Opposition-leader Ed Miliband has vowed to end Britain's reliance on cheap labour should his party be successful at the next General Election in 2015, reports the BBC.
Mr Miliband used an article in The Independent on Sunday to describe the UK's 'chronic' dependency on cheap foreign labour, and vowed to put an end to it if Labour wins the next election.
He specifically targeted low-skilled immigration, saying that it was making the crisis in cost-of-living worse.
If Labour wins the next election, Mr Miliband has pledged to close a loophole in employment law that allows companies to pay their agency staff less than their permanent workers.
Although the EU's Agency Workers Directive currently means that temporary workers should be paid the same as permanent workers, many firms are able to bypass this law by offering the agency temps permanent contracts with a clause opting them out of this particular legislation.
"We have to change our country's chronic dependency on low-skill, low-wage labour. A dependency that is getting worse not better," he wrote in The Independent on Sunday.
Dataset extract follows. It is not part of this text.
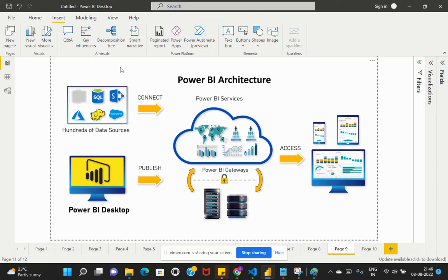Power BI gateways act as an interface to get data from the on-premises data source and update it within your reports on Power BI service. There are two types of Power BI gateways. By default, you have a personal gateway that you install and configure for your own purpose. For enterprise-wide usage, your Power BI admin or ops team would configure an enterprise gateway consumable within the organization. Making use of Power BI gateways allows you to refresh data located on your on-premises network to your cloud environment, helping ensure your reports are always up to date and available to your end customers.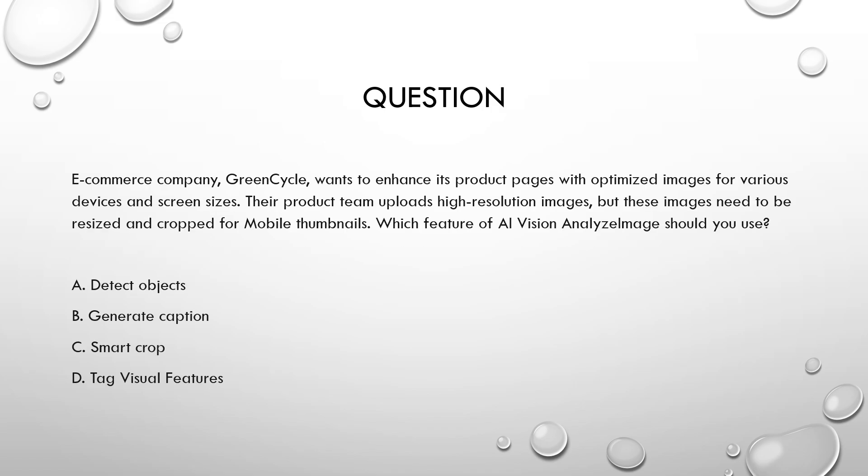E-commerce company GreenCycle wants to enhance its product pages with optimized images for various devices and screen sizes. Their product team uploads high-resolution images, but these images need to be resized and cropped for mobile thumbnails. Which feature of AI Vision analyze image should you use? Now to the options. Detect objects. Generate caption. Smart crop. Tag visual features.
"What chance of rising living standards for all when unscrupulous firms can exploit workers from abroad to get around the minimum wage?" he added.
The Labour leader proposes to fine firms that do not pay the National Minimum Wage to all of their employees, and to ban recruiters from employing only migrants and not UK nationals, as is a common practice at present.
However, Mr Miliband's assault on cheap labour was viewed dimly by the Confederation of British Industry.
Katja Hall is the CBI's chief policy director.
"The flexible labour market in this country has saved jobs and kept our economy going during tough times," she said in response to Mr Miliband's claims.